Data:
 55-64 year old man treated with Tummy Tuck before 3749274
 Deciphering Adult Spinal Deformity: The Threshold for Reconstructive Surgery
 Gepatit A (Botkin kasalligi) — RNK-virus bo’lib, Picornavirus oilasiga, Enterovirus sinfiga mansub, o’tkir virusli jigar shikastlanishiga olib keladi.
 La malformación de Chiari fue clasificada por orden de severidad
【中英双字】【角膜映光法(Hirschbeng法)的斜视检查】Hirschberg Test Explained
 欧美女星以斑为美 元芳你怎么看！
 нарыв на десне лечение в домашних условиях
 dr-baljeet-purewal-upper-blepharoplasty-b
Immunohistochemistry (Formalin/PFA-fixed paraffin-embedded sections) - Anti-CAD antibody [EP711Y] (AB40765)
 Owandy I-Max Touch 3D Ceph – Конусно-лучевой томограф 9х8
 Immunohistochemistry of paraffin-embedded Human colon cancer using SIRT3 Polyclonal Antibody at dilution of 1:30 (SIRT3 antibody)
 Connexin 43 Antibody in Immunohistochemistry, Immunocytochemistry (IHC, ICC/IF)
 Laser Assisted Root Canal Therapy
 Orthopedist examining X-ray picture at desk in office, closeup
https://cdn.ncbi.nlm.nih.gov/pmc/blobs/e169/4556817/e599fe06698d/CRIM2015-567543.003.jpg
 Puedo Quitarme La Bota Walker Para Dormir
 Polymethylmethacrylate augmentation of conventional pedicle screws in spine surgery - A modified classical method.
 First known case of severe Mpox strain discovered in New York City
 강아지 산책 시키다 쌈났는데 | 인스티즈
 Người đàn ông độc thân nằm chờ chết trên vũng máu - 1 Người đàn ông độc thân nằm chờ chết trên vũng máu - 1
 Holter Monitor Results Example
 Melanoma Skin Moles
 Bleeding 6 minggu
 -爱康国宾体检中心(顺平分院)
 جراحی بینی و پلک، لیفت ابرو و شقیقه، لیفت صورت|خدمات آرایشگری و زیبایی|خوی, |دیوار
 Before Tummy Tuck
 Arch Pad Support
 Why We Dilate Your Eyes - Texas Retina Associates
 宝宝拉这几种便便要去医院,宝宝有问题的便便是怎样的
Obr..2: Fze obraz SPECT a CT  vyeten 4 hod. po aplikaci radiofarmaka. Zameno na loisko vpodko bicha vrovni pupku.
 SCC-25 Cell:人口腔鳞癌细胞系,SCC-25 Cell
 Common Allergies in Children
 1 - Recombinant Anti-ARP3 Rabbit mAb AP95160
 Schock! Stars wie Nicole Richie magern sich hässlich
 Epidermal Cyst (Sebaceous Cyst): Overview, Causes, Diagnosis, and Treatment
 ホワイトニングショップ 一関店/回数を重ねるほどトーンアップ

Exercise goal:
From the listing above, return the lines starting at the one with "欧美女星以斑为美 元芳你怎么看！" and ending at the one with "Polymethylmethacrylate augmentation of", both kept, exactly as they appear and nothing more.

Response below:
 欧美女星以斑为美 元芳你怎么看！
 нарыв на десне лечение в домашних условиях
 dr-baljeet-purewal-upper-blepharoplasty-b
Immunohistochemistry (Formalin/PFA-fixed paraffin-embedded sections) - Anti-CAD antibody [EP711Y] (AB40765)
 Owandy I-Max Touch 3D Ceph – Конусно-лучевой томограф 9х8
 Immunohistochemistry of paraffin-embedded Human colon cancer using SIRT3 Polyclonal Antibody at dilution of 1:30 (SIRT3 antibody)
 Connexin 43 Antibody in Immunohistochemistry, Immunocytochemistry (IHC, ICC/IF)
 Laser Assisted Root Canal Therapy
 Orthopedist examining X-ray picture at desk in office, closeup
https://cdn.ncbi.nlm.nih.gov/pmc/blobs/e169/4556817/e599fe06698d/CRIM2015-567543.003.jpg
 Puedo Quitarme La Bota Walker Para Dormir
 Polymethylmethacrylate augmentation of conventional pedicle screws in spine surgery - A modified classical method.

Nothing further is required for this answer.